• _WHAT THE TASK ASKS_:
Please transcribe exactly, and only, the lines of the data below between the line holding "High Quality Coin-operated" and the line holding "Chleb z pestkami dyni i otrębami żytnimi", inclusive.

[Dataset records]

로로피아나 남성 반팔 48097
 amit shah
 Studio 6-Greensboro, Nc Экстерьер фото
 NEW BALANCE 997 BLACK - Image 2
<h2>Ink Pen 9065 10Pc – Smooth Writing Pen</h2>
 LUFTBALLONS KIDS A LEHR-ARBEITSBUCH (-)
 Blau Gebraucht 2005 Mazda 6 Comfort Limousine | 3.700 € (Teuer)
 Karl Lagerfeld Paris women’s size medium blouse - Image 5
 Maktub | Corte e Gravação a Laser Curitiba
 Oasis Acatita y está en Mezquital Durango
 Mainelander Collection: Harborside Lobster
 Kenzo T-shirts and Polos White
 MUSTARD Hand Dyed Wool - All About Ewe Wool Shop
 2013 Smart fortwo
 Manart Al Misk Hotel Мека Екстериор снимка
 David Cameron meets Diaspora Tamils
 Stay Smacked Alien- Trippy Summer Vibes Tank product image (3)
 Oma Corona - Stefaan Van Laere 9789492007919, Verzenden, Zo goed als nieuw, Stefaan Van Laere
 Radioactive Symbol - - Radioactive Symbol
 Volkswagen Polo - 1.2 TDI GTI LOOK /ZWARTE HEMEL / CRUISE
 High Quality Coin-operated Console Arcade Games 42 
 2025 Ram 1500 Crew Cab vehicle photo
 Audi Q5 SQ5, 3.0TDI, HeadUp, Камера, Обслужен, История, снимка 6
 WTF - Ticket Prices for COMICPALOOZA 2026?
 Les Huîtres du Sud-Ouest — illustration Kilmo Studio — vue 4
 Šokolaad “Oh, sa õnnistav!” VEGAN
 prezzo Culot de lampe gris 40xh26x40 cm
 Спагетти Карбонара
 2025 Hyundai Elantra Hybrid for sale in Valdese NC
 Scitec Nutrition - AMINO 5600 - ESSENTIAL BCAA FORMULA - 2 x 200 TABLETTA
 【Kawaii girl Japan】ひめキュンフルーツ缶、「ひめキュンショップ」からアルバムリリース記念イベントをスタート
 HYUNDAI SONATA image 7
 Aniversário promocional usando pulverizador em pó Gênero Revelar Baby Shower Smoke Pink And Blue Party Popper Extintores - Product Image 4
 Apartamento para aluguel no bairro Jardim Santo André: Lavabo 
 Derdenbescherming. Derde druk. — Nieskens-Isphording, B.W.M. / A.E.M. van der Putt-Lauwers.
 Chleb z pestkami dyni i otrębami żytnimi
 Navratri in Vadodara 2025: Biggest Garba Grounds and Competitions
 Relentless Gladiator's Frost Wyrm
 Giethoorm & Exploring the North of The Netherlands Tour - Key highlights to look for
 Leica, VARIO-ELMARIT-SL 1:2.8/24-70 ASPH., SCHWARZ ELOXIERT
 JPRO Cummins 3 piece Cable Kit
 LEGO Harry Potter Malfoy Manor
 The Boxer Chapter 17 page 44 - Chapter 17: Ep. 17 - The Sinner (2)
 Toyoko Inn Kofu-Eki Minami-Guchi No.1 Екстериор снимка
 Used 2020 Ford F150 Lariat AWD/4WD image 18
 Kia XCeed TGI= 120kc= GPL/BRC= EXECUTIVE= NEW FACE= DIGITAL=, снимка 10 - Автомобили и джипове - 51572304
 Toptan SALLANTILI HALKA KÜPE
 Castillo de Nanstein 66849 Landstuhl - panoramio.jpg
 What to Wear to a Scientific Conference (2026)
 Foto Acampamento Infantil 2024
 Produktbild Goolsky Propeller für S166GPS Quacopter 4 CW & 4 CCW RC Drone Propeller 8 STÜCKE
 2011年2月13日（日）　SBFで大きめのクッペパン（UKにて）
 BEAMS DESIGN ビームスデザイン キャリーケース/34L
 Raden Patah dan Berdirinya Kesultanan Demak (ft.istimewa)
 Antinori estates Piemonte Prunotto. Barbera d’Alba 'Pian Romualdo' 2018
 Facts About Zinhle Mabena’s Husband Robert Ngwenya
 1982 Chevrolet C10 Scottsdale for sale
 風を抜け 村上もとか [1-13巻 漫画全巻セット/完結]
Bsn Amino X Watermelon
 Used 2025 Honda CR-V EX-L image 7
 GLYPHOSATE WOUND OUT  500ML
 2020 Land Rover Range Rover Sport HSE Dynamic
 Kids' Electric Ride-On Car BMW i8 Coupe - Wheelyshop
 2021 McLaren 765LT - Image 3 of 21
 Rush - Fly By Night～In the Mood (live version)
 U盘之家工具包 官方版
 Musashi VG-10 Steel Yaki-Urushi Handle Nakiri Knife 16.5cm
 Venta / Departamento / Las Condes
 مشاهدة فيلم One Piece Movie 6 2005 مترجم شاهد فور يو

• _SOLUTION FOR THIS PROBLEM_:
 High Quality Coin-operated Console Arcade Games 42 
 2025 Ram 1500 Crew Cab vehicle photo
 Audi Q5 SQ5, 3.0TDI, HeadUp, Камера, Обслужен, История, снимка 6
 WTF - Ticket Prices for COMICPALOOZA 2026?
 Les Huîtres du Sud-Ouest — illustration Kilmo Studio — vue 4
 Šokolaad “Oh, sa õnnistav!” VEGAN
 prezzo Culot de lampe gris 40xh26x40 cm
 Спагетти Карбонара
 2025 Hyundai Elantra Hybrid for sale in Valdese NC
 Scitec Nutrition - AMINO 5600 - ESSENTIAL BCAA FORMULA - 2 x 200 TABLETTA
 【Kawaii girl Japan】ひめキュンフルーツ缶、「ひめキュンショップ」からアルバムリリース記念イベントをスタート
 HYUNDAI SONATA image 7
 Aniversário promocional usando pulverizador em pó Gênero Revelar Baby Shower Smoke Pink And Blue Party Popper Extintores - Product Image 4
 Apartamento para aluguel no bairro Jardim Santo André: Lavabo 
 Derdenbescherming. Derde druk. — Nieskens-Isphording, B.W.M. / A.E.M. van der Putt-Lauwers.
 Chleb z pestkami dyni i otrębami żytnimi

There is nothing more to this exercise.